Pour conclure cet article, je souhaite faire état du nouveau rôle des kominkans. L’un des mérites de ces établissements réside dans le fait qu’ils sont créés et gérés par l’administration municipale, un mode opérationnel direct qui les rend durables. De nombreuses années se sont écoulées depuis la création du système des kominkans, et le mérite des kominkans a pu se muer en démérite. Aujourd’hui, de plus en plus de gens considèrent que le rôle du gouvernement et des municipalités devrait être plus restreint. Pour des raisons financières graves, de nombreuses administrations municipales ont décidé de réduire le budget des kominkans. En outre, il existe une panoplie d’offres éducatives plus vaste qu’il y a soixante ans, si bien que les gens n’ont pas besoin d’aller aux kominkans pour s’éduquer.
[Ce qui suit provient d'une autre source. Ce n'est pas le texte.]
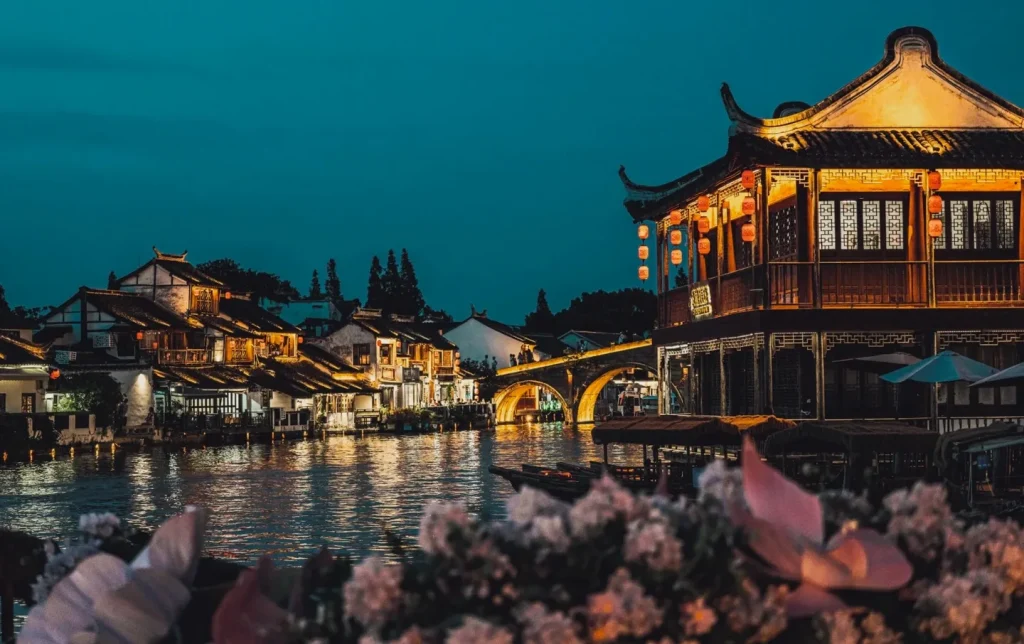 Glowing red lanterns reflecting on the canal of Zhujiajiao Water Town at night with a lit wooden pavilion and lotus blossoms in the foreground — Shanghai water town night trip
Pour ces raisons, la part des activités des kominkans par rapport à l’ensemble des offres éducatives tend à être moins importante. Il est temps pour les kominkans concernés de repenser leurs nouveaux rôles. Si les gens jugent que les offres des kominkans ne sont pas attrayantes, il faut essayer de modifier leurs contenus éducatifs. Si aux yeux des gens les activités des kominkans ne s’inscrivent pas dans une démarche visant à améliorer la qualité de la vie des populations locales, il faut se mettre à l’écoute des besoins éducatifs de ces dernières. S’il arrive que des gens hésitent à participer aux activités des kominkans, il faut éliminer les obstacles à leur accès universel. Les kominkans ne sont pas, bien entendu, des équipements réservés à des groupes spécifiques de personnes. Il y a une foule de gens ou de groupes hautement motivés comme, par exemple, des OBNL et des ONG qui parfois ne savent pas grand-chose sur le compte des kominkans ou qui croient que ces derniers n’ont aucun rapport avec eux. Il est indispensable que les kominkans collaborent avec le secteur public pour améliorer leurs capacités. Je pense que les kominkans continueront à l’avenir de jouer un rôle important en tant qu’équipements essentiels et accessibles pour l’éducation sociale.